There's a clear business case for supporting the increase. "To put it in the most basic terms, workers are also customers," says Sklar. "Some of the political opposition against raising the minimum wage often acts like workers and customers are like two different species of people."
In fact, she says, the lowest-wage workers are most likely to turn around and immediately spend any increase in wages, because they need it for basic necessities. That benefits the economy.
A low minimum wage also correlates with high turnover. "People are just constantly looking to get out," she says. "They're not invested in the business for the long haul, and they know the business isn't invested in them." Companies end up spending more hiring and training new workers, there's often more wasted product, customers are less happy with service, and managers are distracted from focusing on how to improve their business.

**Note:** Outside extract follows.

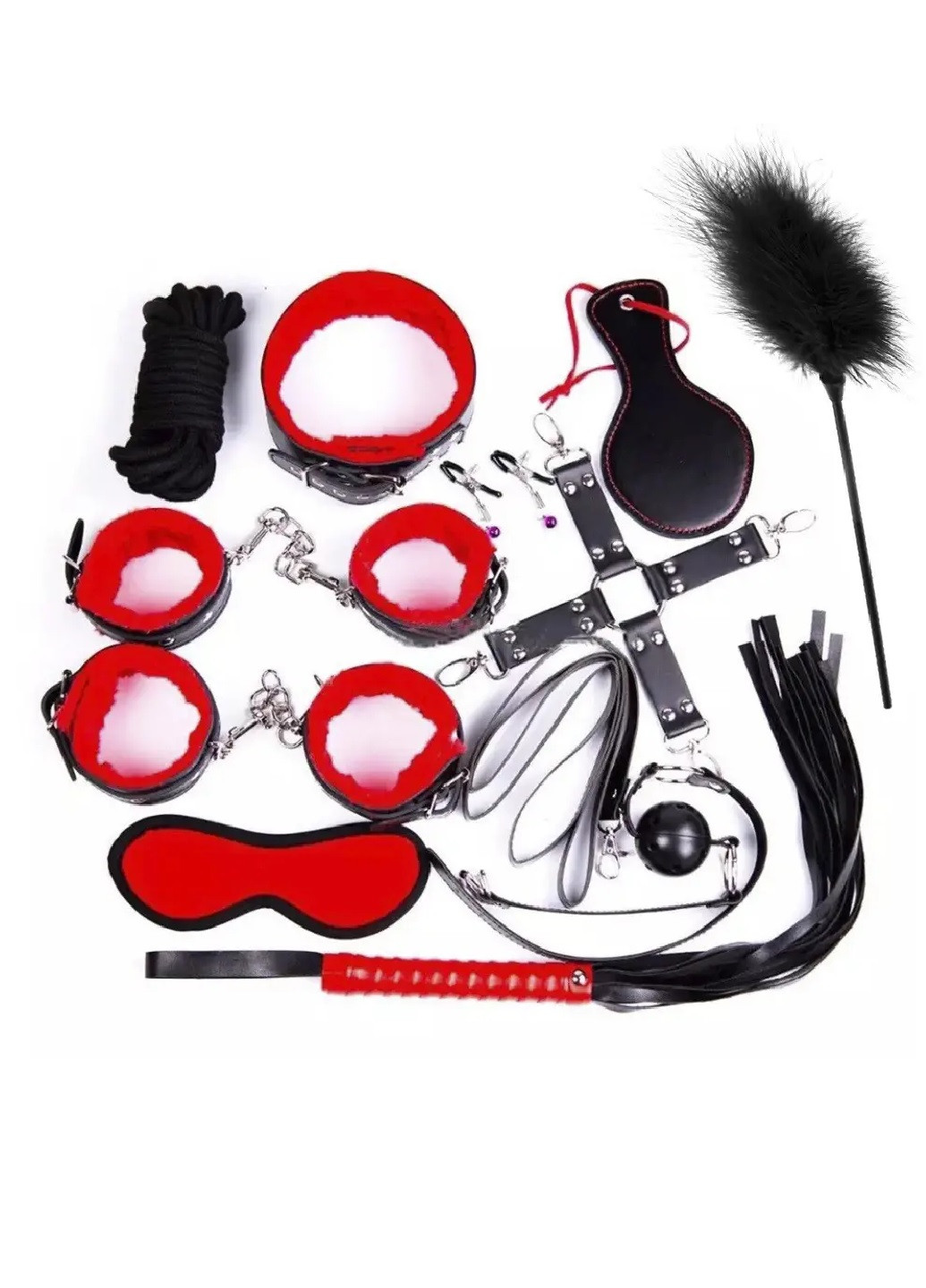 БДСМ набір для рольових садо-мазо ігор. BDSM Фетиш 11 предметів Чорно-червони No Brand (276967322)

"It's very short-sighted in the sense that you're not saving money," she says. "You're spending it in what we would say is the wrong places."
Even businesses with fiscally conservative owners are supporting an increase in wages—because they realize that if workers aren't paid enough, they'll have to turn to public assistance. "It puts this growing strain on the safety net," says Sklar. "So you end up in a situation where the business owner that is paying enough for their workers to live on...they're in a sense, along with other taxpayers, being asked to subsidize wages that are too low."
It's too early to say whether the incoming administration will attempt an increase in the federal minimum wage, though Republicans in Congress haven't wanted to do that in the past. Sklar expects more state and local action, though she says that alone isn't enough.
"There are states that are tied to the federal minimum wage, there are states that have no minimum wage of their own, there are states where there is no prospect of raising the min wage," she says. "So it's very important that the federal government acts. However, it's also important that states, cities, businesses, don't wait to raise the wage."